Task statement: Below are some records. Write out the line that contains "Dashboard Spider 1750-2000cc" and all lines after it, exactly, but not the pictures.

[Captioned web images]
----------------------------------------
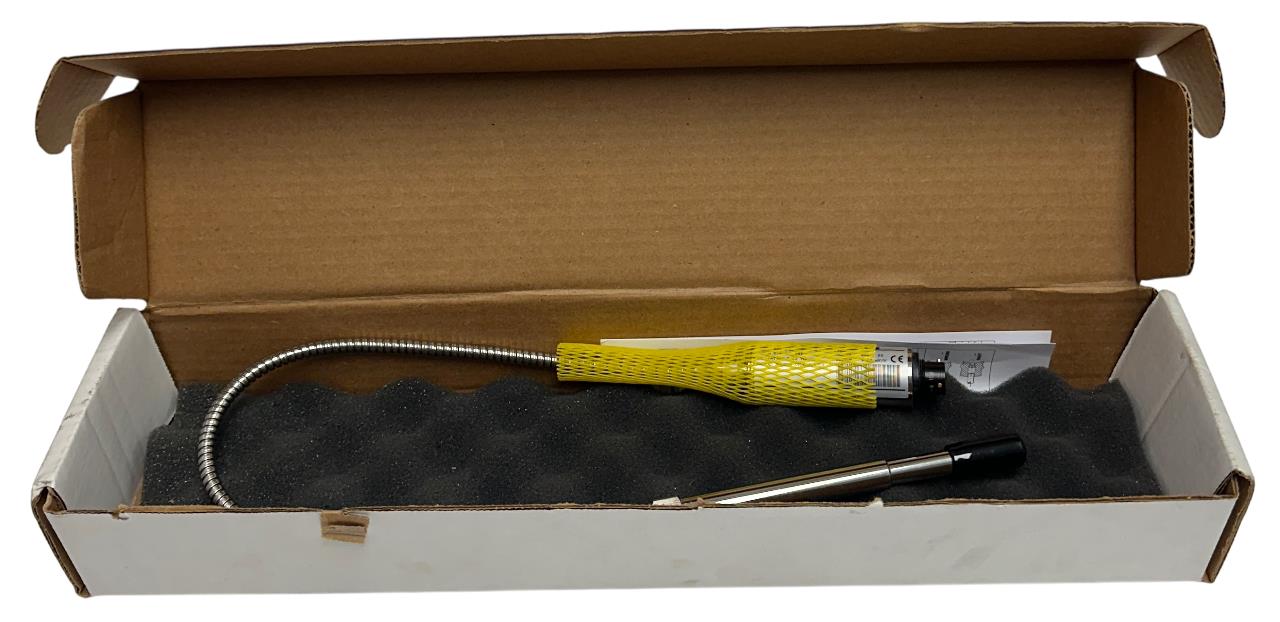 GEFRAN K31-6-M-P05M-1-4-D-I 2130X000X / K316MP05M14DI PRESSURE TRANSDUCER NSMP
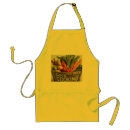 Search for experiment aprons Cooking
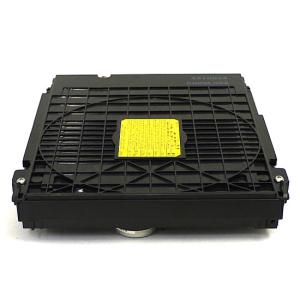 A1211 Panasonic DIGA ブルーレイドライブ VXY2124 Panasonic 【中古】Panasonic ブルーレイドライブユニット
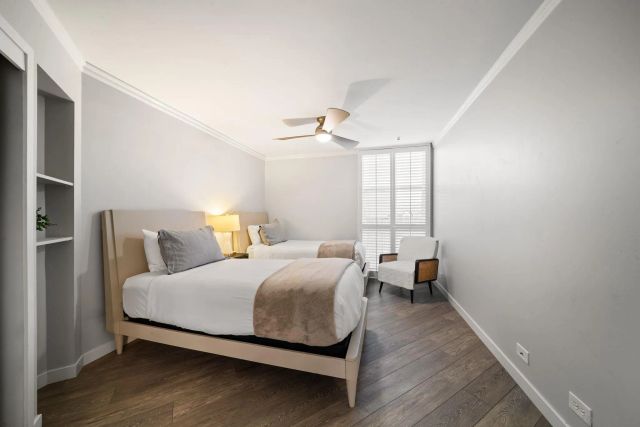 1221 Parker Pl 21, San Diego, CA 92109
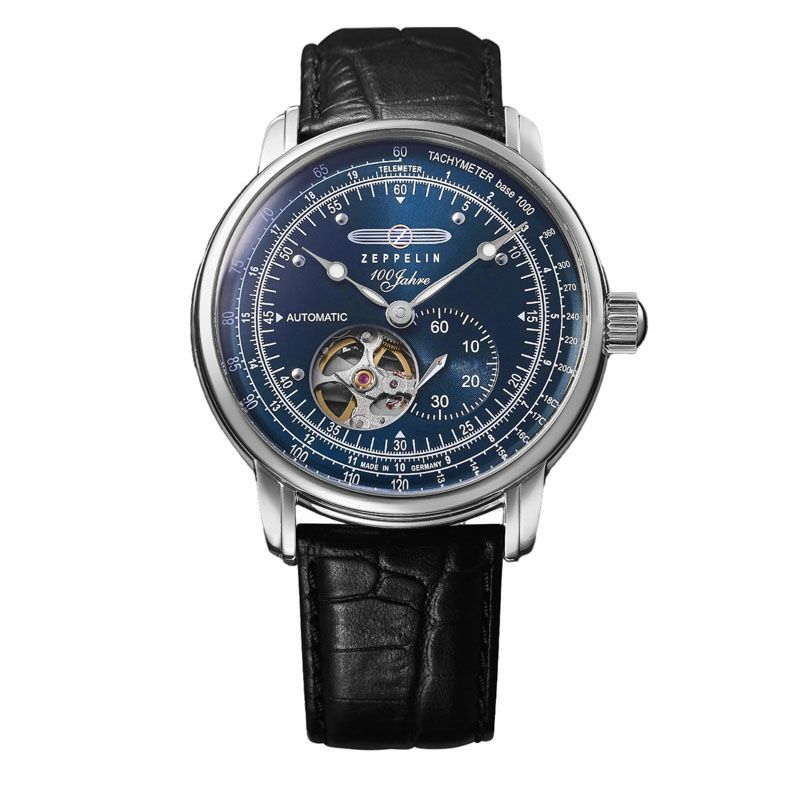 7662-6_SET | ZEPPELIN Official Online Shop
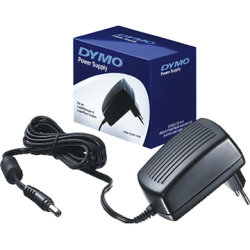 Dymo S0721440 AC adapter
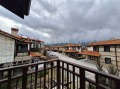Продава КЪЩА, област Благоевград, гр. Добринище • 236966 € • 28807016 — Holmes.bg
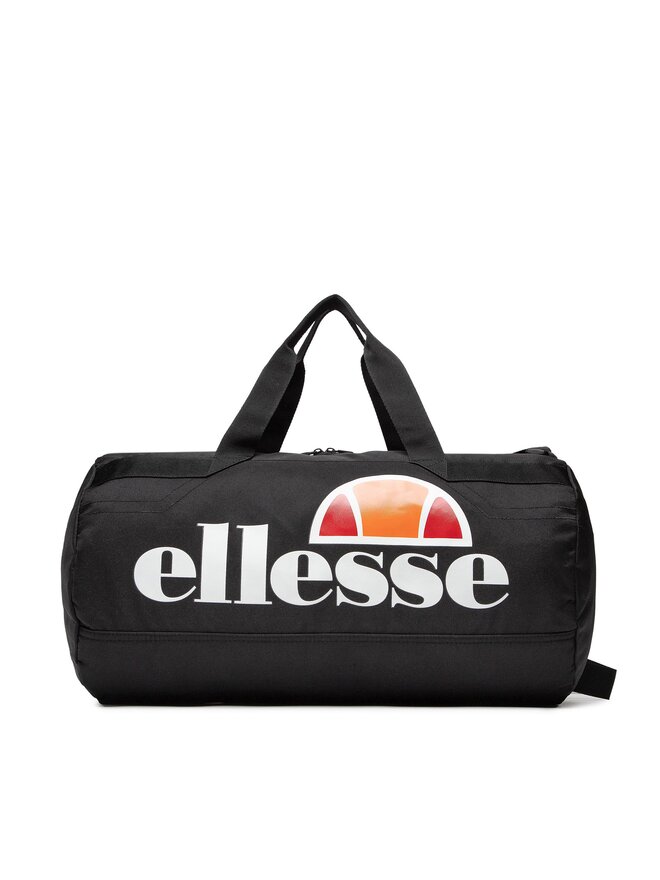 Bolso ellesse shop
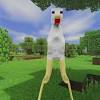 Cursed images are images that are captioned with the phrase cursed image. this page is a collection of pictures related to the topic of sad aesthetic 1080x1080, which contains 184 best supreme anime images in 2019,sad aesthetics,109 best anime aesthetic images on aesthetic. Https Encrypted Tbn0 Gstatic Com Images Q Tbn And9gcsphuyxlurkelgdehj96x1pivenwb6dcvbemjjsrtc Usqp Cau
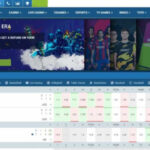 ดาวน์โหลดแอป 1xbet และติดตั้ง APK มือถืออย่างเป็นทางการ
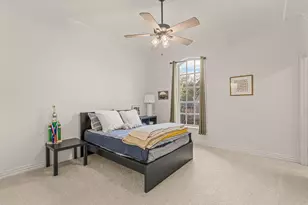 2151 Estes Park Dr, Southlake, TX 76092 - Photo 27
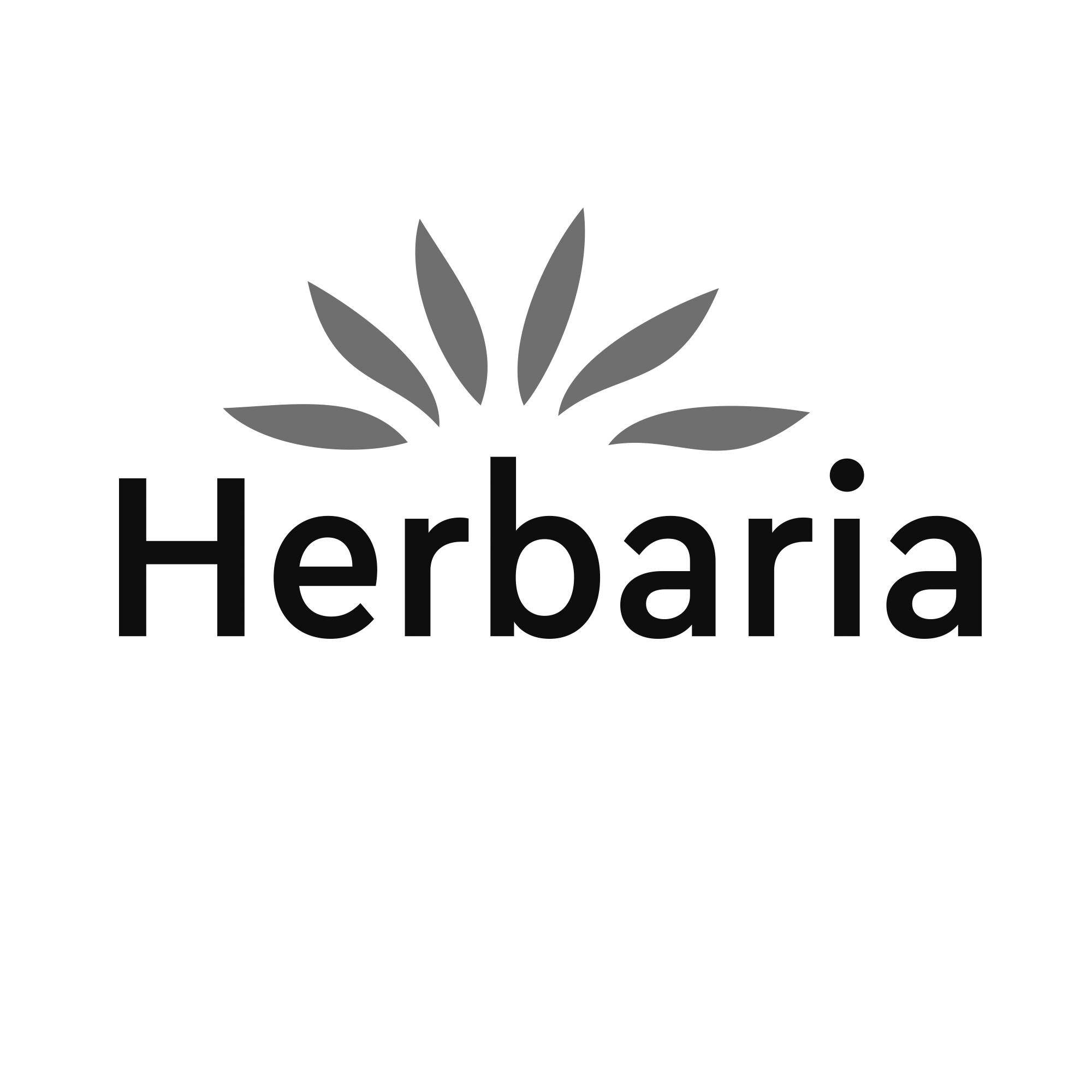 herbaria-logo_grau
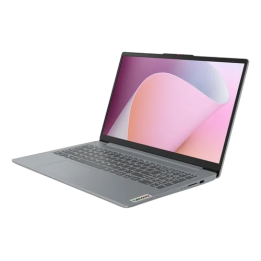 Lenovo IDEAPAD 15.6FHD/R5 7520U/16/512/W11 + SAC A DOS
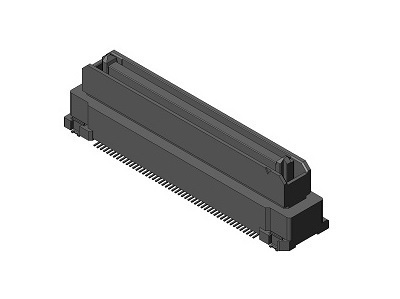 MA01F100VABBR300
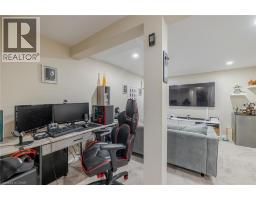 1330 JALNA Boulevard UnitNo. 126 - 35
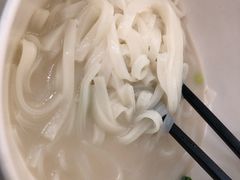 -翠华餐厅(香港国际机场店)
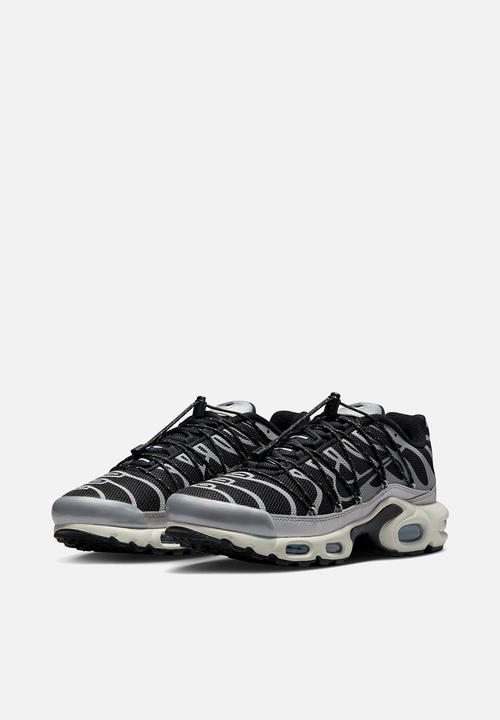 Nike - Air Max Plus - rave culture pack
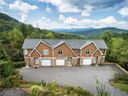 71 Dalya Road sold home in Swannanoa, SC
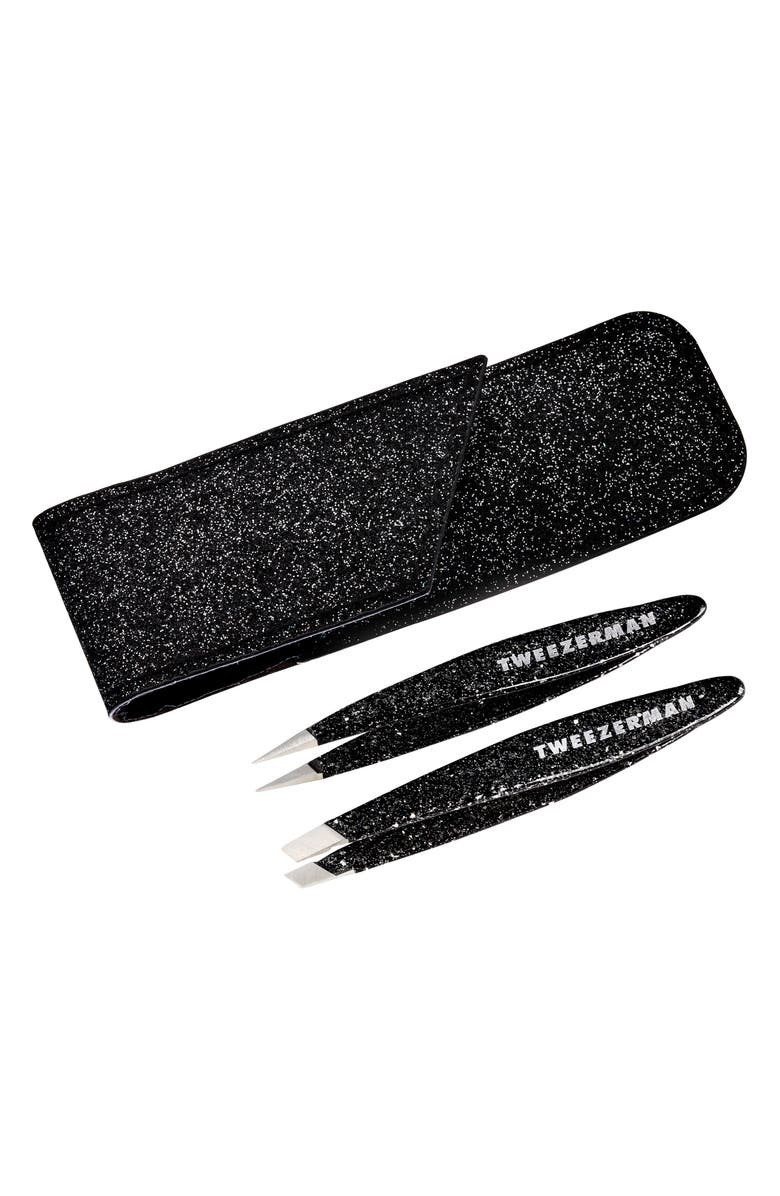 40th Anniversary Edition Mini Tweezer Set | Nordstrom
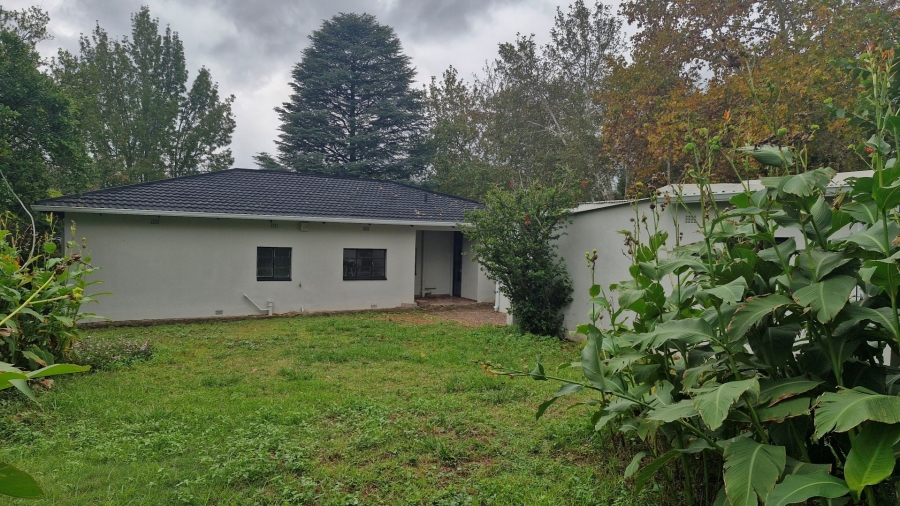 3 Bedroom Property for Sale in Greenside Gauteng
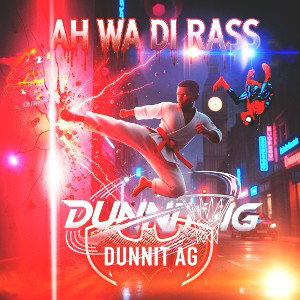 DUNN 1$ @ B@NKRUPT P3D0 💸💸💸💸💸💸💸💸💸💸💸💸💸💸💸💸💸💸💸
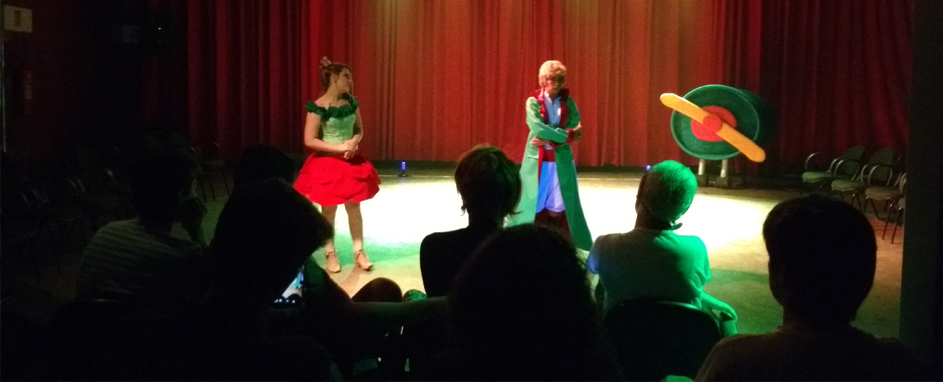 decmostrateatroam (2)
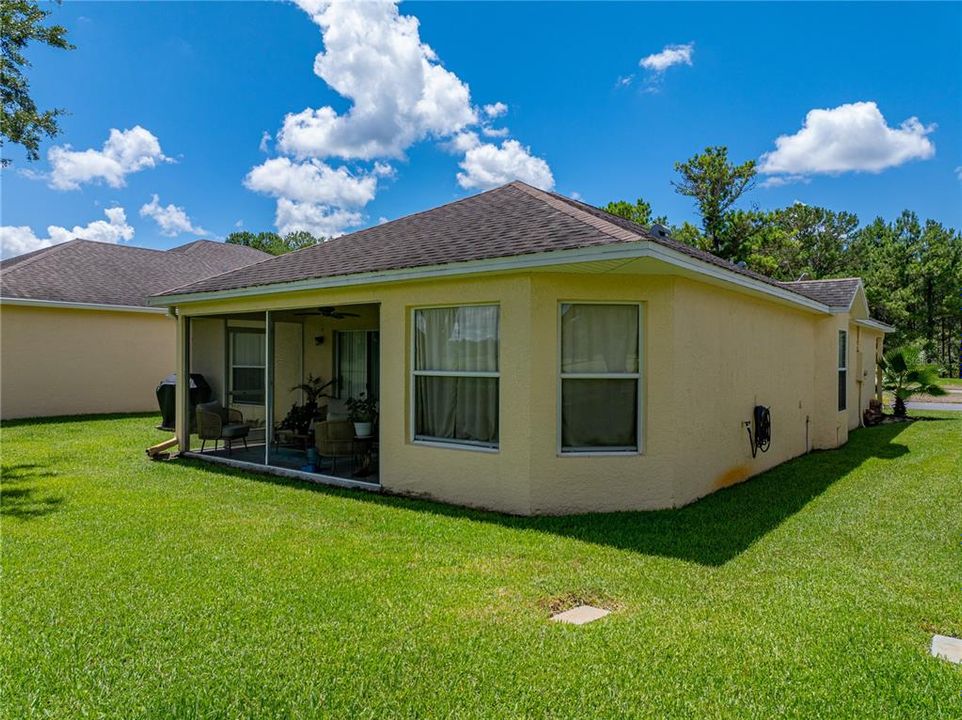 For Sale: $310,000 (3 beds, 2 baths, 1507 Square Feet)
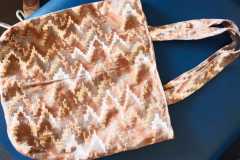 WhatsApp-Image-2026-03-11-at-9.25.10-PM-2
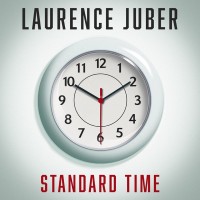 Purchase Laurence Juber - Standard Time (Vinyl)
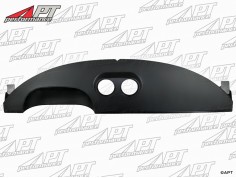 Dashboard Spider 1750-2000cc 1970-93 / 1600cc 1981-93 2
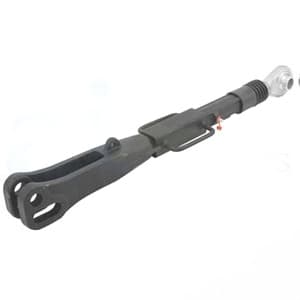 82001736 - RH LEVELING BOX ASSEMBLY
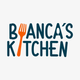 Bianca's Kitchen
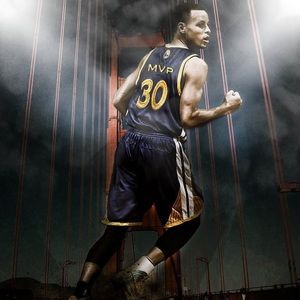 Meet your Posher, Jayline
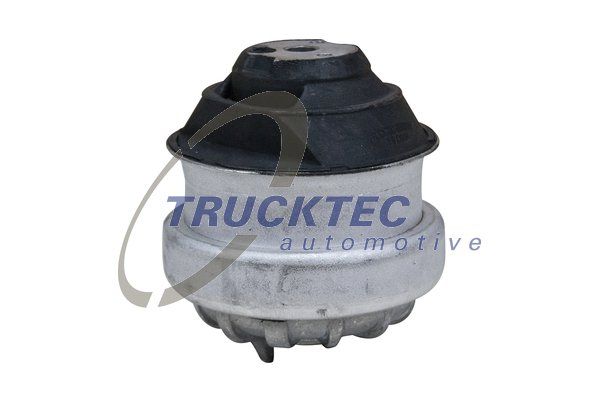 Motorlager TRUCKTEC AUTOMOTIVE 02.22.002
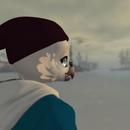 Thumb 5e3fe303d774f8328f5a345d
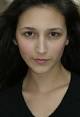 Adriana Cordova Picture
----------------------------------------
Written solution:
 Dashboard Spider 1750-2000cc 1970-93 / 1600cc 1981-93 2
 82001736 - RH LEVELING BOX ASSEMBLY
 Bianca's Kitchen
 Meet your Posher, Jayline
 Motorlager TRUCKTEC AUTOMOTIVE 02.22.002
 Thumb 5e3fe303d774f8328f5a345d
 Adriana Cordova Picture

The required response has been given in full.